The 8 December UK-EU Agreement: A victory for pragmatism, logic and a sensible Brexit
The joint report from the EU and UK on their Brexit negotiations is a positive step forward by any reasonable measure. It shows significant progress on the rights of foreign citizens and on the financial settlement, and while practical challenges remain, the principles for addressing the Northern Ireland conundrum are now established.
EU citizens exercising their rights to live in other parts of the EU as at 30 March 2019 – whether Continentals in the UK or UK citizens living in the remaining EU – will have these rights guaranteed to continue. Furthermore there are allowances for family members to join the right-holder in their country of residence even after 2019, and the right-holder can be absent from the country for up to five years without losing their rights
(So, for example, a French person living in Britain in 2019 could leave in 2020 and would have the right to return anytime up to 2025 to reclaim their residence rights).
There are also important provisions for claiming pensions and social security benefits. Essentially this agreement creates a high degree of “freedom of movement”, at least for those resident abroad on 30 March 2019. What happens to citizens who wish to move abroad after that date will be a matter for each government’s immigration laws to decide.
The UK will continue to pay in to the Commission’s budget until the end of 2020 as if it were still an EU Member State. While there are some concessions on both sides, in the main the UK has agreed to most of the financial demands of the EU side. While the document today sets out principles, not figures, we can expect that the final figure will be close to the upper estimates for the “divorce bill”.
The financial settlement will be drawn up and paid in the Euro currency. During the Exchange Rate Mechanism (ERM) fiasco of 1992, the British currency was manipulated by currency speculators betting that the Bank of England would be unable to meet its ERM commitments. Today’s situation is of course different, but there is the potential for currency speculators to once again “game the system” and bet on Sterling’s value movements as the exit date looms.
The Good Friday peace deal of 1998 set out principles including for an open border with the Republic of Ireland and a “whole island economy”. With Northern Ireland now leaving the EU, this presents a challenge. The UK will have an open border with the EU, and if UK and EU market rules and customs arrangements diverge, Belfast will have to either break from the UK market rules (this is anathema to the Unionists) or follow the UK rules (breaking the “whole island economy” principle).
Today’s agreement essentially establishes the paramountcy of the Good Friday agreements. The document released today states that “any future arrangements must be compatible with these overarching requirements [of the Good Friday deal]”.
Importantly, the document states that “in all circumstances, the United Kingdom will continue to ensure the same unfettered access for Northern Ireland’s business to the whole of the United Kingdom internal market” and “in the absence of agreed solutions, the United Kingdom will maintain full alignment with those rules of the Internal Market [of the EU] and the [EU] Customs Union which, now or in the future, support North-South cooperation, the all-island economy and the protection of the 1998 Agreement.”
In other words, the whole of the UK will stay under EU market rules if it has to do so, in order to preserve the Ulster peace deal.

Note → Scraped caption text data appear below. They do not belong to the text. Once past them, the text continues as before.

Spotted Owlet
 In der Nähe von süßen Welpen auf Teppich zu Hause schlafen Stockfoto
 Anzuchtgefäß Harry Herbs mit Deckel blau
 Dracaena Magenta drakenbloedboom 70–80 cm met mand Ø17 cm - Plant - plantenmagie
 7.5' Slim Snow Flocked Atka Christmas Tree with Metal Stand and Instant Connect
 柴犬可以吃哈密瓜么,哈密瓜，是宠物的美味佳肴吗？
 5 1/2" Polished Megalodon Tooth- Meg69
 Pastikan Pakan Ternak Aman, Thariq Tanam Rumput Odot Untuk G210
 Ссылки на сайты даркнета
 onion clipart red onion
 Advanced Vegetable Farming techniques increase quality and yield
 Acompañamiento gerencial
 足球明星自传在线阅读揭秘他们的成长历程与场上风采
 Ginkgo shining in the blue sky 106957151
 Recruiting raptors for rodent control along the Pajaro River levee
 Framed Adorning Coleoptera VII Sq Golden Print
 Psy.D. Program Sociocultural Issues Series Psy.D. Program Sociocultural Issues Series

This is a sensible solution, but one that might raise the ire of those hard Brexiteers who thought we could wave goodbye to EU market rules forever. This clause also could possibly help the UK’s market access and compatibility with the EU.
This is good news for the economy, and an admission that the ideology of an absolute divorce from EU rules is simply not a feasible option for an integrated, open, modern economy such as ours.
In short, the deal is practical and thoughtful and should buy Theresa May some genuine political credit.